1. L'indice Dow Jones a chuté de 48 pour cent en l'espace de 9 mois (de septembre 2008 à fin février 2009) et a, jusqu'à présent, dans sa tendance globale, reflété l'évolution de l'économie mondiale et son glissement dans la récession.

2. C'est un indice qui sert de guide aux autres bourses internationales.

3. Sa hausse a entrainé, par contagion, la hausse des indices des autres places boursière ;

4. Mais cette hausse est due à quelques nouvelles économiques meilleures qu'anticipées, mais qui ne mettent à jour aucune amélioration sensible dans l'état de l'économie ou l'économie mondiale, annonçant la fin de la récession profonde que celles-ci connaissent.

5. Les responsables économiques mondiaux partagent, semble-t-il, cette analyse, et, de ce fait, appellent à plus de mesures, à l'échelle des Etats, comme au niveau des institutions financière internationales, pour sortir le monde de cette crise.

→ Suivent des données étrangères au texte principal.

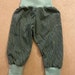 see more listings in the Baby  section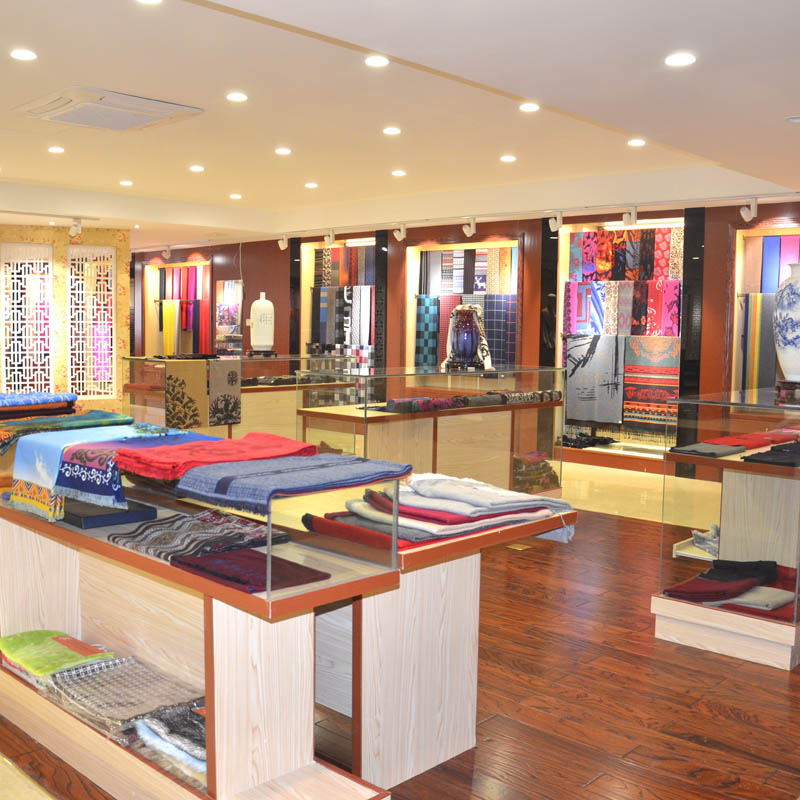 圍巾批發(fā)進(jìn)貨網(wǎng)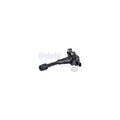 Bobina inductie DELPHI GN10635-12B1
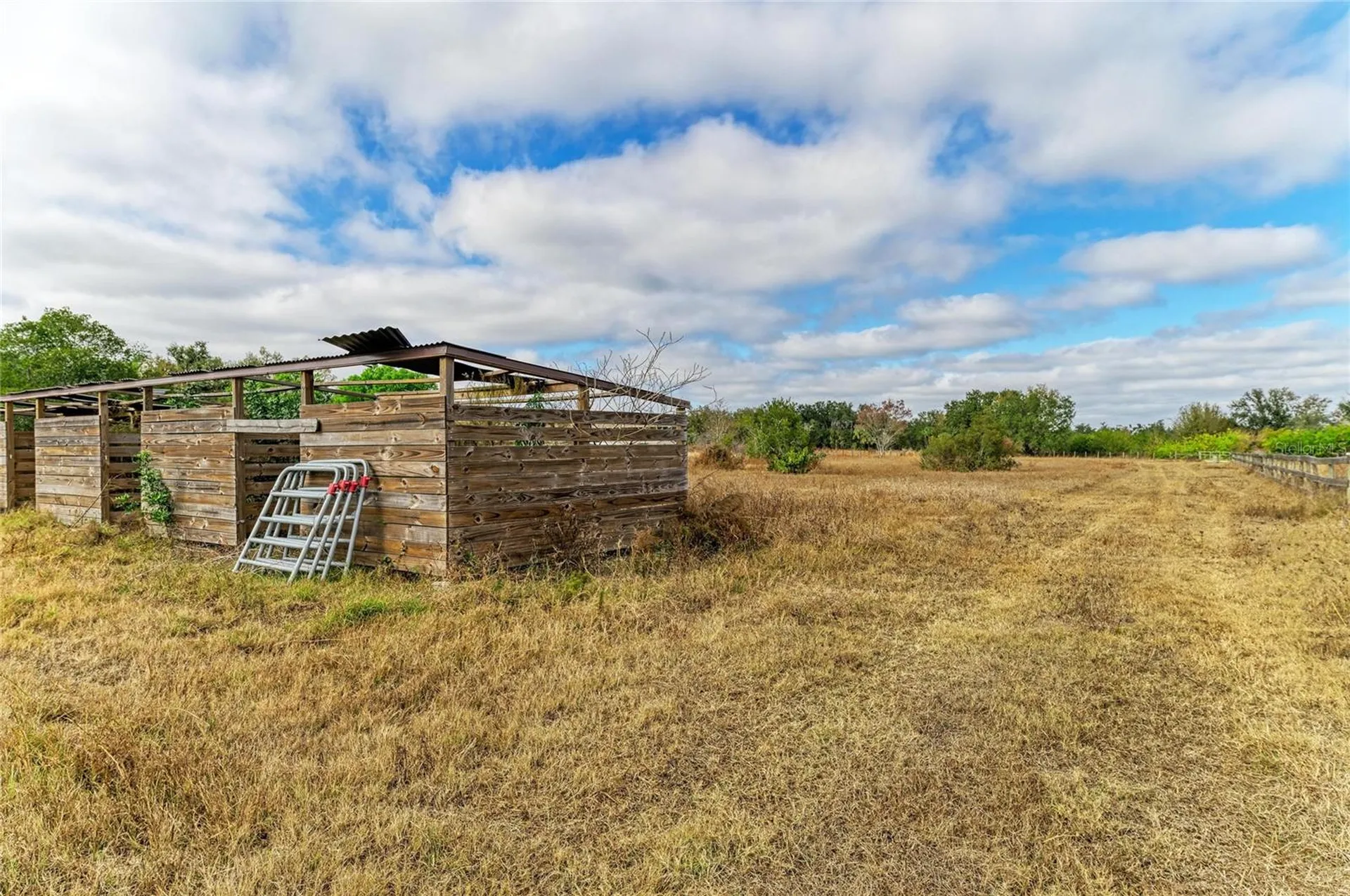 13710 Golf Course Road Parrish FL 34219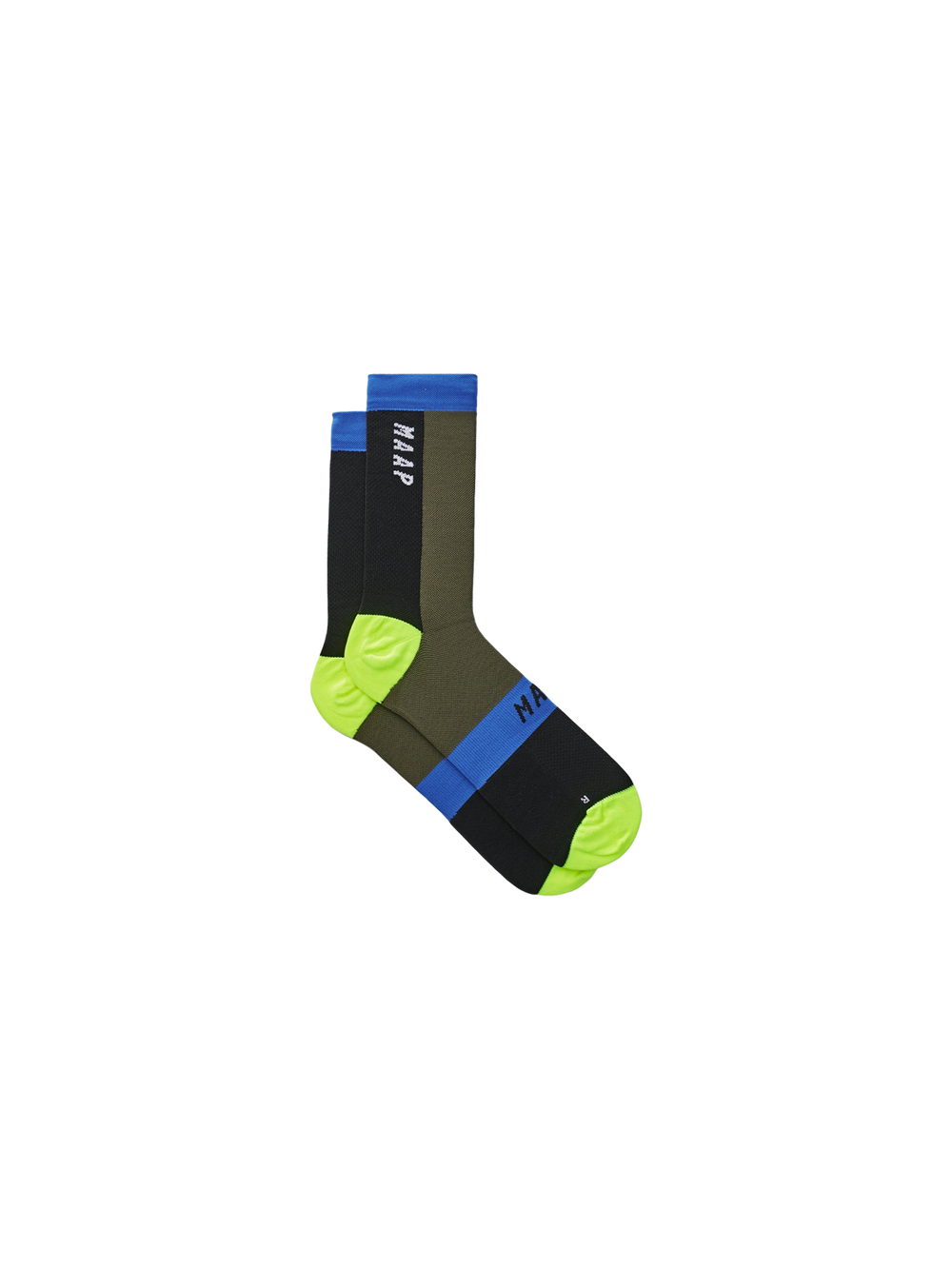 Product Image for League Sock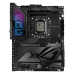 Asus ROG Maximus Z790 Dark Hero (Wi-Fi) ATX Motherboard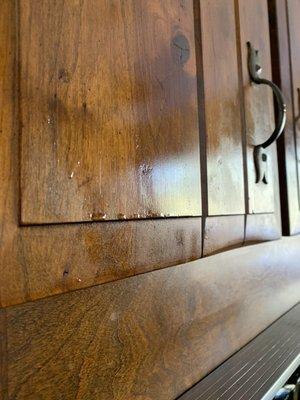 Quality Construction Cleaners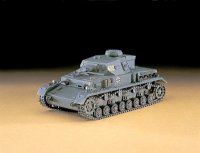 hasegawa-hg-631141.jpg
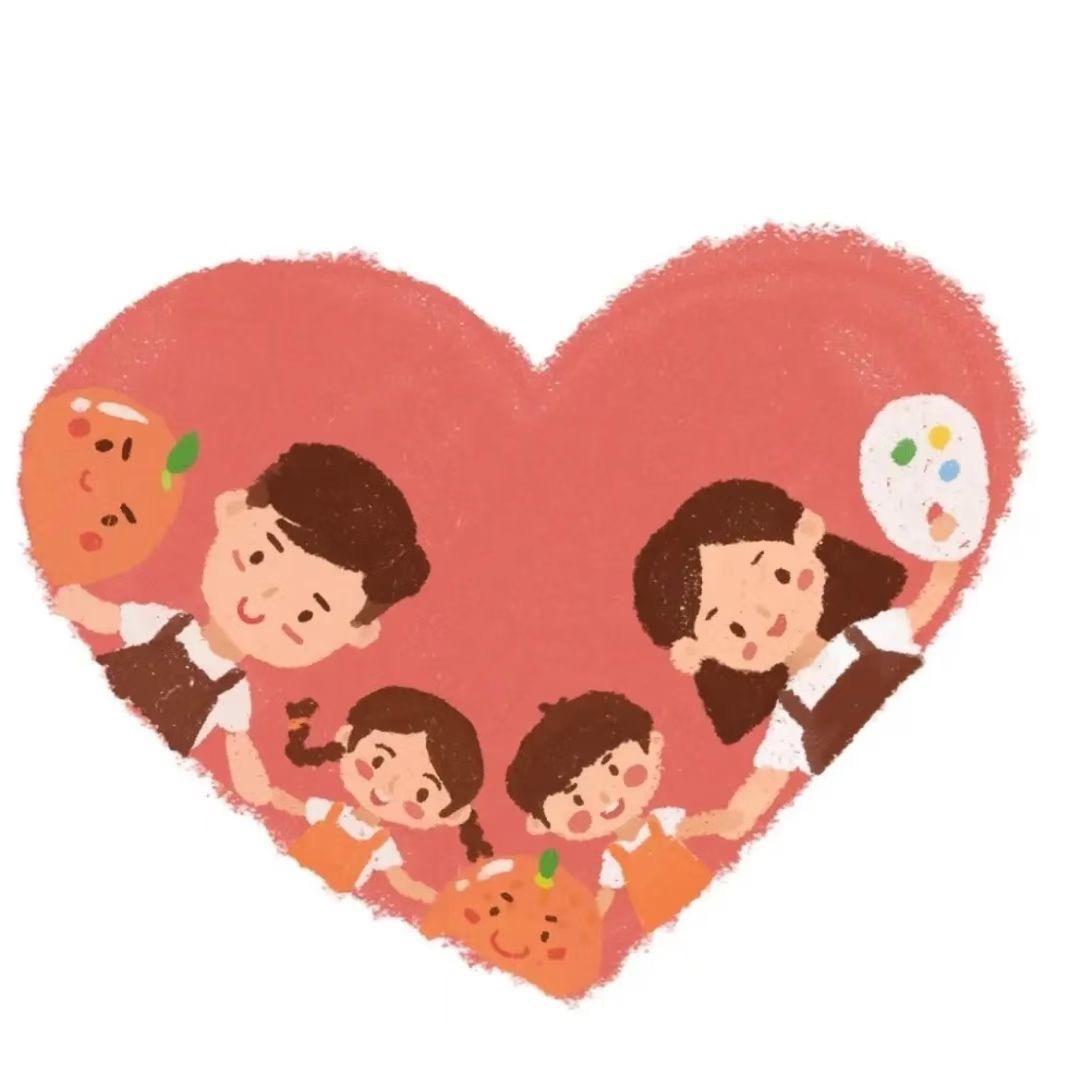 郑州升学教育规划（小升初升高）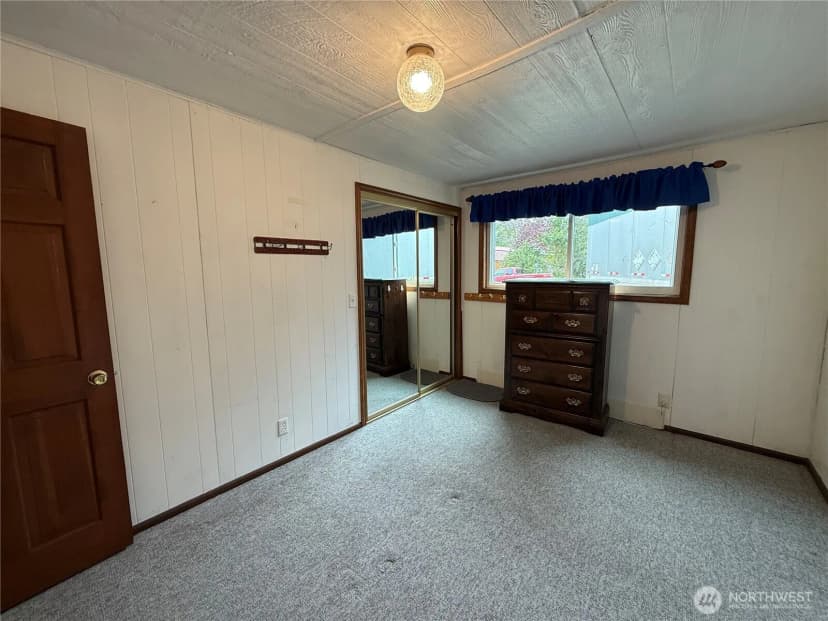 Property photo for 26711 Ridge Avenue, Ocean Park photo 17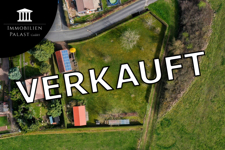 Titelbild - Verkauft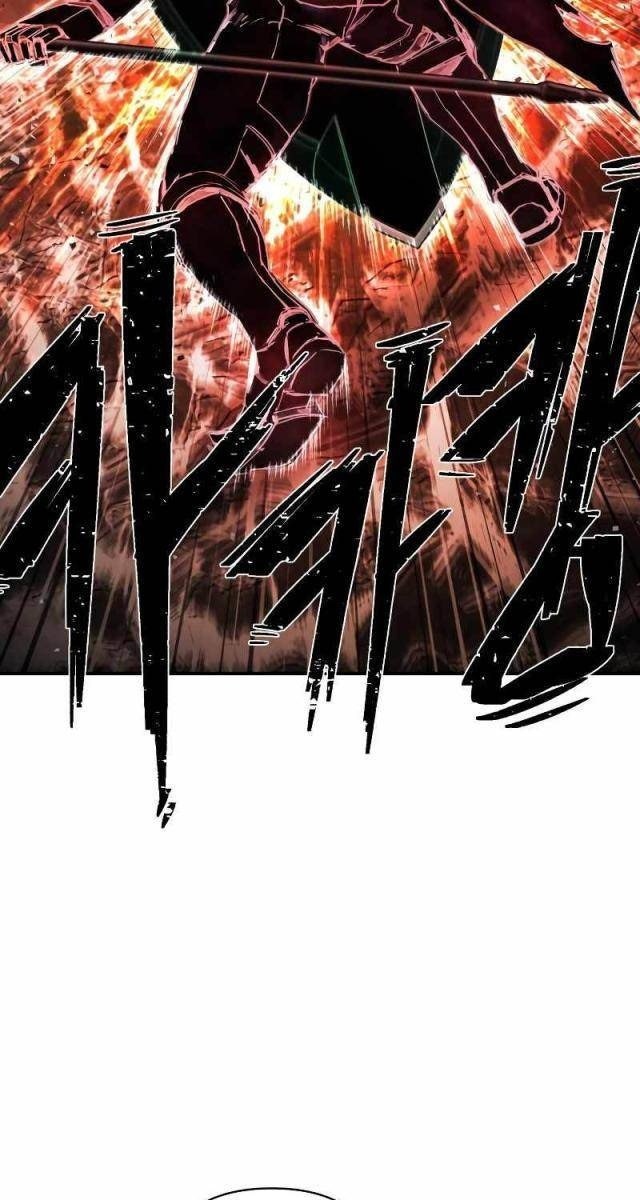 Anh Hùng Đã Trở Lại - Page 109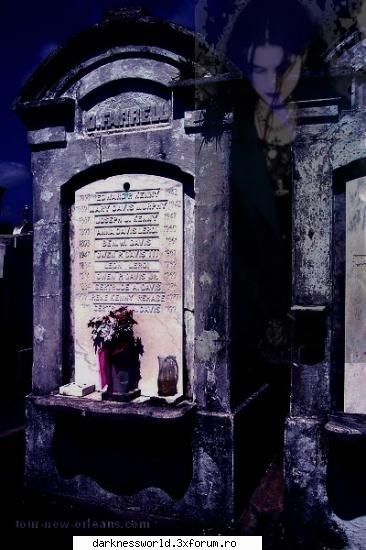 Dark pics - death_nina - †Dark †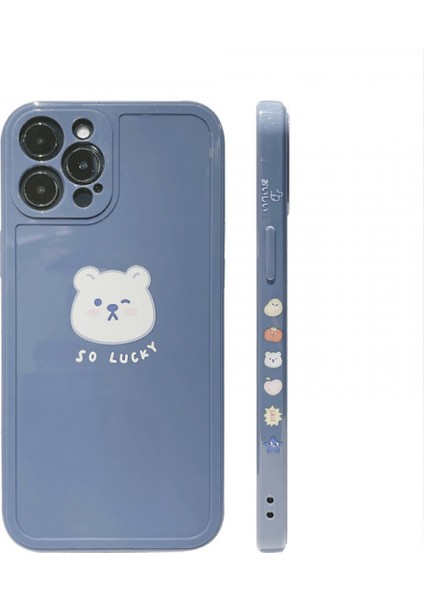 Huawei Nova8 Için Her Şey Dahil Telefon Kılıfı (Yurt Dışından)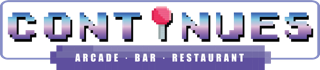 ContinuesArcade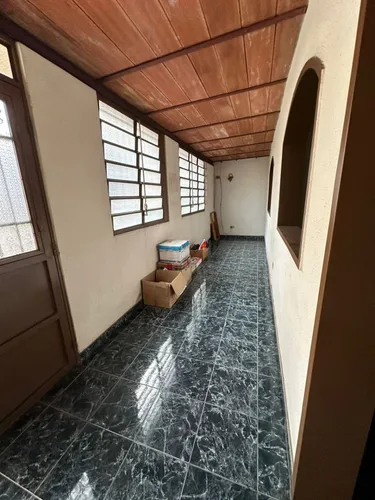 Casa En Venta, Cagua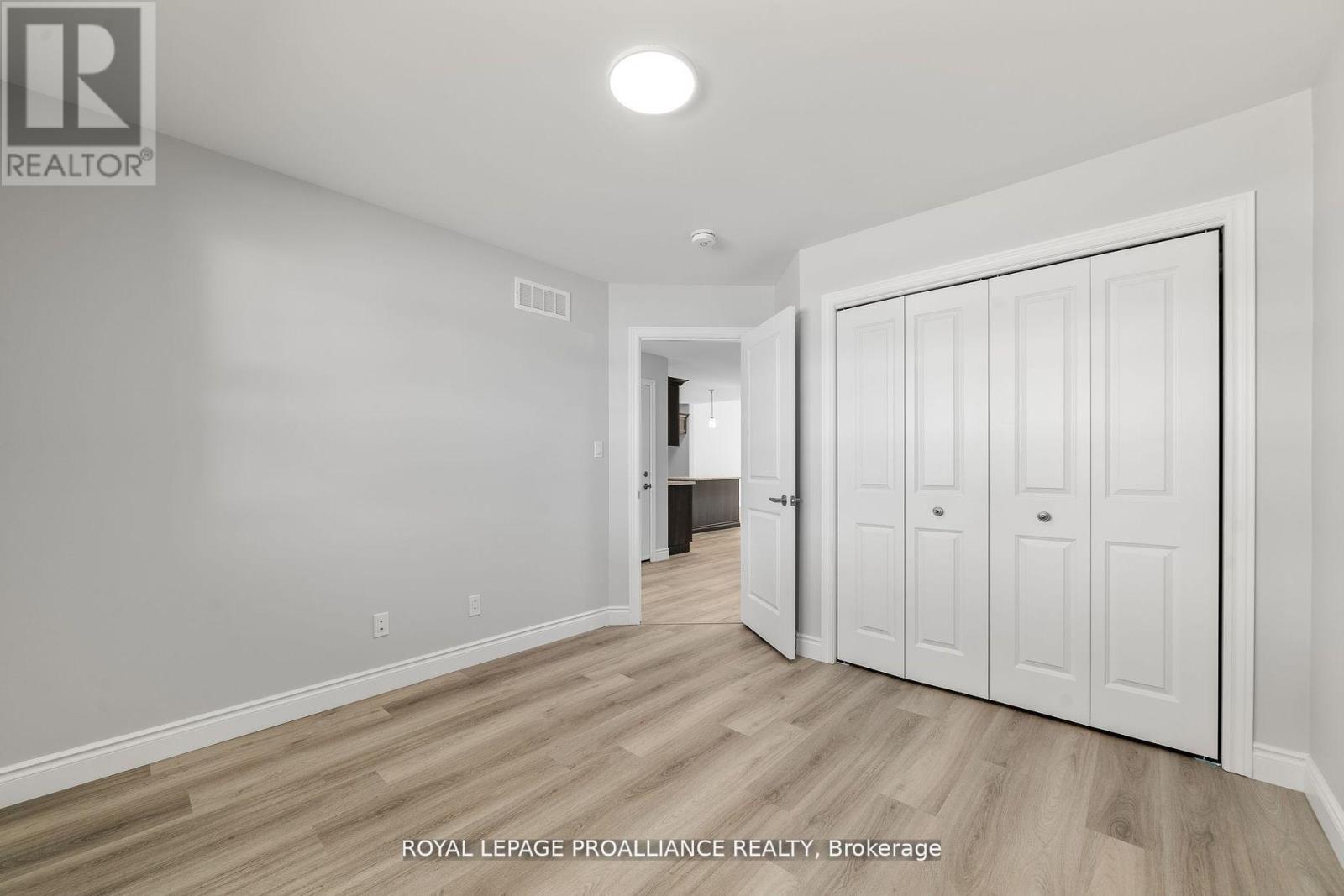 29 Clayton John Avenue, Brighton, Ontario  K0K 1H0 - Photo 25 - X12338857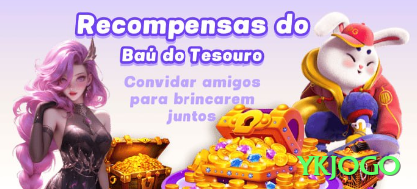 ykjogo: Melhores Práticas e Estratégias Comprovadas02 - ykjogo 🎰🌀 Baccarat App road map + streak bonus 400%: download rápido — siga padrões big road e aposte em sequências longas, lucro constante + upside gigante no seu bolso! 📊🤑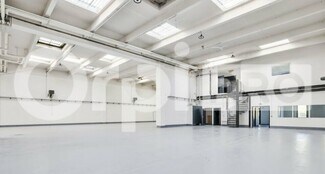 More details for Light Industrial to Rent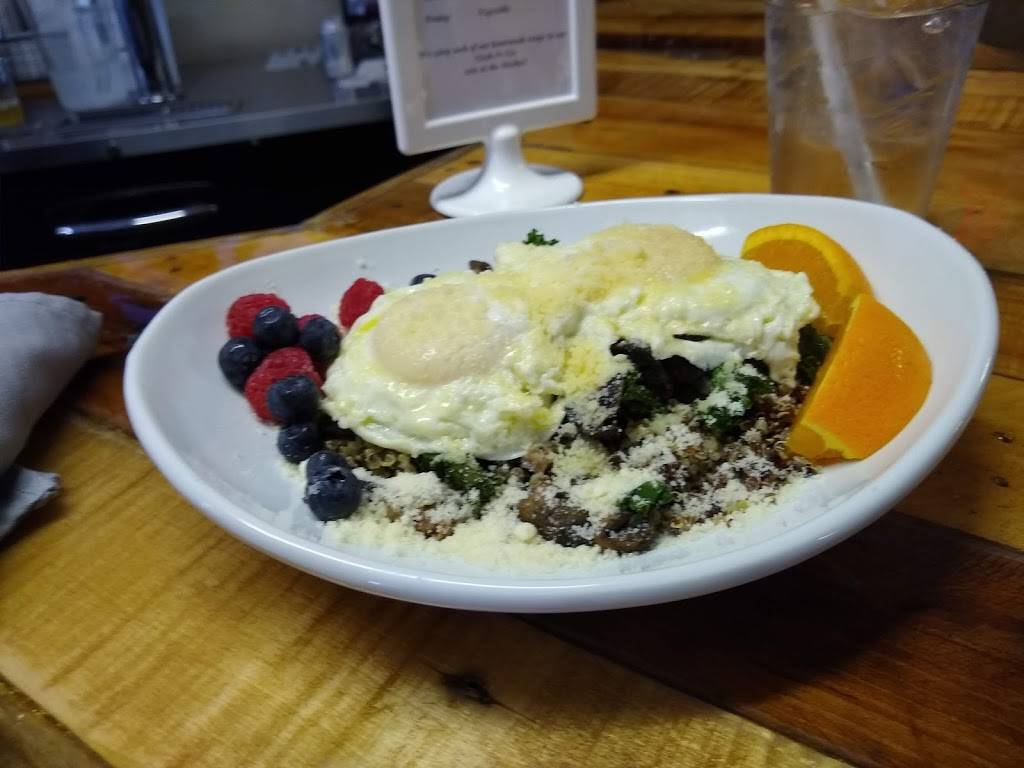 Maryville Corner Market | bakery | 800 Montvale Rd, Maryville, TN 37803, USA | 8659808509 OR +1 865-980-8509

6. Mais, en même temps, ils reconnaissent que les signes de la sortie ne sont pas encore visibles et que la détermination d'une période à laquelle la lumière indiquerait le bout du tunnel, ne peut être qu'hypothétique.

7. Pour donner une représentation concrète à l'exposé quelque peu abstrait de la démarche américaine pour sortir l'économie de ce pays, et donc, l'économie mondiale, de la crise, il s'agit de savoir s'il faut simplement une fusée à deux étages, un étage financier, et un étage de dépenses publiques d'infrastructure, pour relance la croissance, ou s'il faut ajouter un troisième étage pour la consolidation de cette croissance et permettre à l'économie américaine d'échapper à l'attraction fatale de la crise économique mondiale.

8. Seuls les résultats de la mise en oeuvre du second volet de cette approche permettront de le savoir.

9. En attendant, tout un chacun ne peut qu'espérer pour le mieux, et surtout notre pays qui a vu ses exportations d'hydrocarbures vers les Etats-Unis chuter de manière dramatique au cours de ces derniers mois.

10. La réussite du plan de relance américain, dans son premier volet, largement avancé, comme dans son second volet, qui commence seulement à se mettre en place, aura également un impact sur la demande des hydrocarbures, et donc, sur le prix du pétrole et les équilibres financiers tant de la Sonatrach que du budget et de la balance des paiements algériens.